Sayfalar

29 Eylül 2023 Cuma

Kutbü Zamân ve Tasarruf

"Lâdikli Ahmed Ağa" Kitabının Kapağı

Konya'da Hayra Hizmet Vakfı'nda Hasan Hüseyin Varol Hoca anlatıyor:

Bir gün Ahmed Ağa'ya gittik. 
Hacı Tahir Efendi de var, onunla beraber gitmiştik. 
Irak'da ihtilal olmuştu o günlerde. 
O ihtilal konuşuldu o gün orada. 
-Hangi tarihte olmuştu o ihtilal? 
-1958'di galiba Hocam. 
1958'de kanlı bir darbeyle Kral İkinci Faysal şehid edilmiş ve Haşimi iktidarına son verilmişti. 

-Haa, evet!... 
İşte o tarihlerden evvel, Irak'daki 1958 ihtilalinden evvel yani, "Kutb-u Zaman" Medine-i Münevvere'deymiş.
Suudi Arabistan Kralı "Kutb-u Zaman"a gösterilen rağbetten dolayı biraz tedirgin olur gibi olmuş ve şöyle bir haber göndermiş: 
-Eğer arzu ederseniz idareyi size teslim ederim! 
Yok eğer arzu etmezseniz siz bir durum değerlendirmesi yaparsınız!... demiş.

Bunun üzerine, "Kutb-u Zaman" şunu söyleniş: 
-Biz zâhirde bir ülke idaresine tâlib değiliz, ama bir durum değerlendirmesi yapalım!... demiş.

Ahmed Ağa ve arkadaşları gitmişler:
-Sizi İstanbul'a götürelim! demişler.

O da:
-Şu anda nereye gideceğime dair henüz hiçbir emir almadım. 
Ama eğer İstanbul müsaadesi çıkarsa hay hay!.. demiş.

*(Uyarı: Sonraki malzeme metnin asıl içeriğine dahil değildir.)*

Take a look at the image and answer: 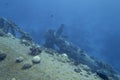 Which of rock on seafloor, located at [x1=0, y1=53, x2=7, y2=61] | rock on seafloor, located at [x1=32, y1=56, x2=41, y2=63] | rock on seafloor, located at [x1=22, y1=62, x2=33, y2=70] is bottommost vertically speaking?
rock on seafloor, located at [x1=22, y1=62, x2=33, y2=70]

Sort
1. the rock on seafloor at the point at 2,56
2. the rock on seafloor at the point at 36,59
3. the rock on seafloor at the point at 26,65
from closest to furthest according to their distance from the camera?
1. the rock on seafloor at the point at 26,65
2. the rock on seafloor at the point at 36,59
3. the rock on seafloor at the point at 2,56

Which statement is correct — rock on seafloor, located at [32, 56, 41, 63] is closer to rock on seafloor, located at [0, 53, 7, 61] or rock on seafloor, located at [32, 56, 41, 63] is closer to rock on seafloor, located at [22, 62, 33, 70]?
rock on seafloor, located at [22, 62, 33, 70]

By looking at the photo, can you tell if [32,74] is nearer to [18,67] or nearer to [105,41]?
[18,67]

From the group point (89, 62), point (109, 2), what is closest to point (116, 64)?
point (89, 62)

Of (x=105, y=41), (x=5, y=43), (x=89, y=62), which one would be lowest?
(x=5, y=43)

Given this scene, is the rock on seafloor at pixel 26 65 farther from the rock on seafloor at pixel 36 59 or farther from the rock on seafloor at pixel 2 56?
the rock on seafloor at pixel 2 56

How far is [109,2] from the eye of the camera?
164750mm

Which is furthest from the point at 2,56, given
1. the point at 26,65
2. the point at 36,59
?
the point at 36,59

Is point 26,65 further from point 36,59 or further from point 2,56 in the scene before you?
point 2,56

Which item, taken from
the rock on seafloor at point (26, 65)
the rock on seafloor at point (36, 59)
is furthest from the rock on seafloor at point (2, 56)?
the rock on seafloor at point (36, 59)

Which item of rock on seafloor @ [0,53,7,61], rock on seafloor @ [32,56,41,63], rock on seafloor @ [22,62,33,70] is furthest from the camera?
rock on seafloor @ [0,53,7,61]

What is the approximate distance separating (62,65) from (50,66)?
115 centimetres

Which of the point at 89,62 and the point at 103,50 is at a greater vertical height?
the point at 103,50

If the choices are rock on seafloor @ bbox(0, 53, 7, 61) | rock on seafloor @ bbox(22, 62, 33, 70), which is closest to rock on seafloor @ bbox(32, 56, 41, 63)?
rock on seafloor @ bbox(22, 62, 33, 70) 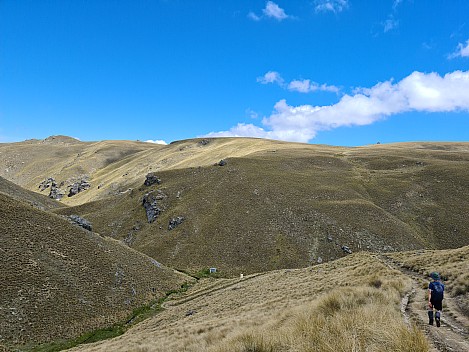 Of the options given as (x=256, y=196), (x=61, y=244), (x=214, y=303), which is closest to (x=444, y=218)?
(x=256, y=196)

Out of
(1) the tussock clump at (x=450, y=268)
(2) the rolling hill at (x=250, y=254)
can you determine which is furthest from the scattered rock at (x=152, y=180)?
(1) the tussock clump at (x=450, y=268)

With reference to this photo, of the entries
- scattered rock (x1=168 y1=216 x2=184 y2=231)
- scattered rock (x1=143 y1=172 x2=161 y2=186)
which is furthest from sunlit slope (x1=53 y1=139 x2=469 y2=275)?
scattered rock (x1=143 y1=172 x2=161 y2=186)

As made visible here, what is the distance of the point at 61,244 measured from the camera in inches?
1844

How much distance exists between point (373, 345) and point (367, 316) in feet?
8.86

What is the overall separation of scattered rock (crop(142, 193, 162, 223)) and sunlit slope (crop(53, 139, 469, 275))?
168 cm

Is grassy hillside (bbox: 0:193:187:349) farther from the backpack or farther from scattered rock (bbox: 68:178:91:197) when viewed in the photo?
scattered rock (bbox: 68:178:91:197)

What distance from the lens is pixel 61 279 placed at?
1581 inches

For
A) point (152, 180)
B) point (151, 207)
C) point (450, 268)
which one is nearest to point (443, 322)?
point (450, 268)

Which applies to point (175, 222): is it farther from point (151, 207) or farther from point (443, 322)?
point (443, 322)

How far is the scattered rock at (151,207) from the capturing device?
9224 cm

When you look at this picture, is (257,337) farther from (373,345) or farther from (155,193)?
(155,193)

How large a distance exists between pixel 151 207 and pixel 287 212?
40717mm

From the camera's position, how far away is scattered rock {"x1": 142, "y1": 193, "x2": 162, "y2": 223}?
92.2m

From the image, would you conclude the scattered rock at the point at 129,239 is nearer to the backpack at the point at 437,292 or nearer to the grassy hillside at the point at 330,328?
the grassy hillside at the point at 330,328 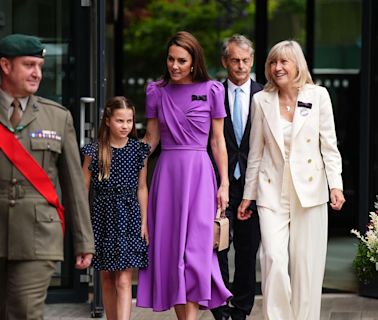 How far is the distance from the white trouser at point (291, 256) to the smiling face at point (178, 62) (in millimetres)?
874

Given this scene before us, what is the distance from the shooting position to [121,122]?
8008 mm

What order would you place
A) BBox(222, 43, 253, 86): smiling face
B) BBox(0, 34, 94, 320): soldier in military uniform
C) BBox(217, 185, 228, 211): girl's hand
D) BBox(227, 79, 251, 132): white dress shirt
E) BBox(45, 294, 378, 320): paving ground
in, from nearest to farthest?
1. BBox(0, 34, 94, 320): soldier in military uniform
2. BBox(217, 185, 228, 211): girl's hand
3. BBox(222, 43, 253, 86): smiling face
4. BBox(227, 79, 251, 132): white dress shirt
5. BBox(45, 294, 378, 320): paving ground

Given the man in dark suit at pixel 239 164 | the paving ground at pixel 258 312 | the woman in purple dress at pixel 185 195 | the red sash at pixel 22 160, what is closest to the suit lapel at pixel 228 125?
the man in dark suit at pixel 239 164

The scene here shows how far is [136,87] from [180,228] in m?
11.4

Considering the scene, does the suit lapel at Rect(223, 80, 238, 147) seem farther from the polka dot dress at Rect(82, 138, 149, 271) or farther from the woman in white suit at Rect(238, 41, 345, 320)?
the polka dot dress at Rect(82, 138, 149, 271)

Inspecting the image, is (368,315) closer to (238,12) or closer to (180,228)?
(180,228)

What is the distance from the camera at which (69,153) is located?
248 inches

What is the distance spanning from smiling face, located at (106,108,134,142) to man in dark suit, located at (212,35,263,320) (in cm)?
91

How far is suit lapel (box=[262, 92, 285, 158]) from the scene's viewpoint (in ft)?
26.2

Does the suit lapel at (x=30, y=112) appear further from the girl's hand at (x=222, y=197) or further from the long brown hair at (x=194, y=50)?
the girl's hand at (x=222, y=197)

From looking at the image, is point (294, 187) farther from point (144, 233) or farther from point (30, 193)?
point (30, 193)

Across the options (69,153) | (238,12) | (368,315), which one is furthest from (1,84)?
(238,12)

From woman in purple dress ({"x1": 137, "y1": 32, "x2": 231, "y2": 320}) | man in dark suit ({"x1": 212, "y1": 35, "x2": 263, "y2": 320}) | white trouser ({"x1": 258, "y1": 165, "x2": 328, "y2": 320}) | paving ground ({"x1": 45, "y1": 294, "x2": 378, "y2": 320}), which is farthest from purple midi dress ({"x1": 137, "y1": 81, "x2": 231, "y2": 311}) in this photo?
paving ground ({"x1": 45, "y1": 294, "x2": 378, "y2": 320})

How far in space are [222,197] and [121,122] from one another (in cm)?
82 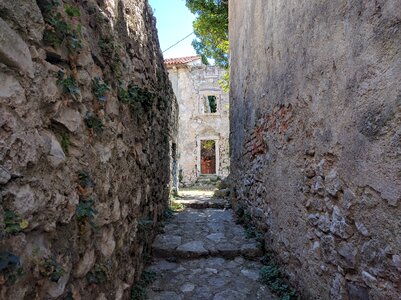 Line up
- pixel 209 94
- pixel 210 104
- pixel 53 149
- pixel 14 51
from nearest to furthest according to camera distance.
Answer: pixel 14 51
pixel 53 149
pixel 209 94
pixel 210 104

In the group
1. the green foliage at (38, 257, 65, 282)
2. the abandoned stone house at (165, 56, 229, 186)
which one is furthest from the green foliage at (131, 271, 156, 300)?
the abandoned stone house at (165, 56, 229, 186)

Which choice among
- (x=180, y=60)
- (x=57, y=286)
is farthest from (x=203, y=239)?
(x=180, y=60)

Bir müddet sonra hicret müsaadesi çıkmış ama, Türkiye'ye değil de Irak'a gitmesi gerekiyormuş, Bağdat'a... 
Bağdat'a götürmüşler, oraya yerleştirmişler. 
Orada vazifeye devam ederken ihtilâl olmuş. 
Irak ihtilâli olduğu gün, sabahleyin -gece sabaha doğru- Hazreti, hanımı, hizmetkârı ve eşyalarıyla
beraber Bağdat'da bir caminin avlusuna bırakıvermişler.

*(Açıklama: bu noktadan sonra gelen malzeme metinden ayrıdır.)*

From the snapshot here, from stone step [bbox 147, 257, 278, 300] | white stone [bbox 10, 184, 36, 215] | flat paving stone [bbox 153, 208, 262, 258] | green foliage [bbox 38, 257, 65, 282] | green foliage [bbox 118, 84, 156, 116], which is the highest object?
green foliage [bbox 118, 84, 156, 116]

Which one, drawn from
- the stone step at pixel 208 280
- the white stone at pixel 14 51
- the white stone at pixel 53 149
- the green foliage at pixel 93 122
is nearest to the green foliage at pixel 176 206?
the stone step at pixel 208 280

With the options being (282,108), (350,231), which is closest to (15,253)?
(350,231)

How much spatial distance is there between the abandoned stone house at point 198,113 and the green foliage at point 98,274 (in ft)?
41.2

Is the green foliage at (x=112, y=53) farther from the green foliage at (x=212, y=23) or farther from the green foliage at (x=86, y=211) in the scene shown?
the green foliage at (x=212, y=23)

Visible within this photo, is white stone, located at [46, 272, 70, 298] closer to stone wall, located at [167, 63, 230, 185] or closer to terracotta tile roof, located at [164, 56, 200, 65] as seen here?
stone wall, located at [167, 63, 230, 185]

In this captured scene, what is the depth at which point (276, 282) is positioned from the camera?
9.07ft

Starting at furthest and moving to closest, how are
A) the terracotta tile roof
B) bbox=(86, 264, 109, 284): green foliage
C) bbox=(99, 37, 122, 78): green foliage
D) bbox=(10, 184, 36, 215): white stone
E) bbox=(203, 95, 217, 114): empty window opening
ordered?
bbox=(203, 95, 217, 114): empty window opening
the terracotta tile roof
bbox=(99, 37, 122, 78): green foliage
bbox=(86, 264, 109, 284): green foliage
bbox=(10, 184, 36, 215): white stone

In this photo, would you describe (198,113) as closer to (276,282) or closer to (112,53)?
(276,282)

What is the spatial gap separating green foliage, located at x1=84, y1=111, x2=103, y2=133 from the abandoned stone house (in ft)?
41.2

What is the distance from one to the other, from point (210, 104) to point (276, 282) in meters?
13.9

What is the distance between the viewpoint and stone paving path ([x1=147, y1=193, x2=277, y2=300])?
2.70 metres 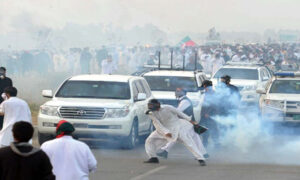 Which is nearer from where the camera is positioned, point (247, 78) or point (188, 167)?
point (188, 167)

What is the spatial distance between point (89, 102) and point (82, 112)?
14.9 inches

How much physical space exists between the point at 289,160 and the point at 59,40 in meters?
47.5

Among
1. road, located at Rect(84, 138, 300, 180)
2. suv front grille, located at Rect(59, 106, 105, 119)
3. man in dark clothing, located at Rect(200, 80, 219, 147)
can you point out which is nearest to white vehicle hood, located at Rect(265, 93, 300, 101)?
man in dark clothing, located at Rect(200, 80, 219, 147)

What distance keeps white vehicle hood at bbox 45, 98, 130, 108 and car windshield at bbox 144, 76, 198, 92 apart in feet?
15.1

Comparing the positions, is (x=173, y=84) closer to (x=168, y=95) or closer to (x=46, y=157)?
(x=168, y=95)

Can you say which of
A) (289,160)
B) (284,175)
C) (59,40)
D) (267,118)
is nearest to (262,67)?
(267,118)

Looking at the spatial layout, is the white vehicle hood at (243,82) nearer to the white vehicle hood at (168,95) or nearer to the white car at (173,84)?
the white car at (173,84)

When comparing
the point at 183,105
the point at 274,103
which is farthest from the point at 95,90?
the point at 274,103

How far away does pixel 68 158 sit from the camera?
8.35 meters

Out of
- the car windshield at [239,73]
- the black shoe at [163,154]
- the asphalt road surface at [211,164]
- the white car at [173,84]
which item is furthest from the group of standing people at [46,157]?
the car windshield at [239,73]

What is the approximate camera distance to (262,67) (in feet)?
103

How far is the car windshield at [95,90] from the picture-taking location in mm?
18359

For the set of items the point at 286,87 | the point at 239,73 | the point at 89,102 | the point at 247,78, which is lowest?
the point at 247,78

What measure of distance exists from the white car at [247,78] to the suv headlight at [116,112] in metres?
11.2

İşte o sırada Ahmed Ağa ve arkadaşları tekrar varmışlar, yine Türkiye'ye getirmek istemişler, fakat yine Türkiye'ye değil de bu defa da Pakistan yolu açılmış ve oraya götürmüşler.

Ahmed Ağa, bunları anlatınca şunu sordum ben: 
Esad Efendi Hazretlerinin "Divan"ında şöyle bir şiiri var: 

Ne yerden kârbân-ı gam göçer olsa konar bende
Belâ râhımdı şimdi bir muayyen menzil oldum ben..

"Kutb-u Zaman", insanlık âlemine gelecek olan belâ ve musibetler önce kendisine uğruyor, ondan sonra gideceği yere taksim ediliyor veya gönderiliyor... 
Dolayısıyle hadiselerin haberleri de önce o zata geliyor ve ondan sonra hadiseler vaki oluyor, vuku buluyor. 
Bu zat "Kutb-u Zaman" olduğuna göre, Irak ihtilâli acaba kendisine haber verilmedi mi? diye sordum.

Ahmed Ağa, şööyle bir doğruldu: 

-Oğlum, mühim bir şey sordun.
Bu zat vazifeye geleli şu kadar zaman oldu, hiçbir zaman kendisine verilen tasarruf hakkını, hiçbir hadisede kullanmadı...
Kullanma niyeti de yok.
Buna rağmen, hadise vuku bulacağı an Cenâb-ı Hak kendisine bildirdi. 

O esnada Hacı Tahir Efendi: 
-Hacı Baba, o zatın bir resmini göremez miyiz? dedi.

Ahmed Ağa da:
-Görürsünüz Hoca Efendi, ben size getiririm bir ara, dedi. 

Hacı Tahir Efendi: 
-Efendim, büyükler böylesi talebler karşısında ellerini şöyle ceplerine atar atmaz maksat hasıl oluvermez mi? diye üsteleyince, hiç öyle bir tavır içine girdiğini görmemiştim Ahmed Ağa'nın. 
Aniden: 
-Onu da yaparız amma, kaldıramazsınız! dedi kızarak. 

Kızmıştı o gün, bayağı kızmıştı.

Kaynak: Lâdikli Ahmed Ağa, Mustafa ÖZDAMAR Sh.:189, 190, 191.